Rising Tension
Despite a strong annualized Q1 GDP of 6.4%, expectations for an even stronger Q2 number, and an economic recovery that is widely considered to be significantly stronger and faster than expectations, the economic news started to sour a bit this week. Building on last Friday’s negative employment report shocker, this week saw weaker than expected results in consumer sentiment and retail sales. The big news, however, was from April PPI and CPI reports.
The University of Michigan’s Consumer Sentiment Index unexpectedly fell 5.5 points to a reading of 82.8 on inflation worries. Economists polled by Reuters expected a third straight monthly increase, and had been estimating a strong reading of 90.4. Meanwhile, The Commerce Department said on Friday that retail sales were flat on the month, falling short of expectations of a 1% gain. Core retail sales fell 0.8% on the month, rather than rising 0.7% as expected. On the positive side, according to the Federal Reserve on Friday, manufacturing production rose in line with estimates at 0.4% last month after surging 3.1% in March.
This week, the BLS reported that the Producer Price Index rose 0.6% from March.

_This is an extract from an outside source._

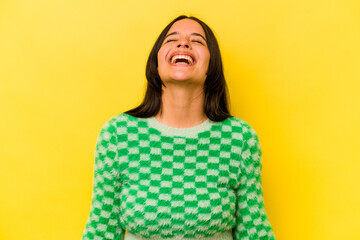 Young hispanic woman isolated on yellow background relaxed and happy laughing, neck stretched showing teeth.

Year over year, the PPI spiked 6.2%. The results indicate another “hot” report, as economists were expecting a 0.3% monthly increase in April and a 3.8% year over year number. The heat was also emanating from the April Consumer Price Index report. April CPI rose 4.2% from a year earlier vs. expectations of a 3.6% increase. The month-to-month gain was 0.8% against the expected 0.2%. Core CPI increased 3% from the same period in 2020, and 0.9% on a monthly basis. The respective estimates for core CPI were 2.3% and 0.3%. To put these “hot” results in perspective, the increase in the annual headline CPI rate was the fastest since September 2008, while the monthly gain in core inflation was the largest since 1981.
After the CPI data was released, the eurodollar futures market, which gauges U.S. interest rate expectations, reacted. According to Reuters, eurodollar futures are now anticipating around an 80% chance of a rate increase from the Federal Reserve by December 2022 and the market sees a total of three hikes by December 2023. This pulls forward the date of an expected rate increase by several months. Senior rates strategist at TD Securities Gennadiy Goldberg, referring to the growing number of data points revealing hotter than expected inflation, said, “Markets are getting nervous about the rise in inflation….” Interestingly, the TD Securities strategist went on to temper these concerns, not with actual data, but with a reference to the assurances of numerous Federal Reserve voices that expect inflation will moderate later in the year.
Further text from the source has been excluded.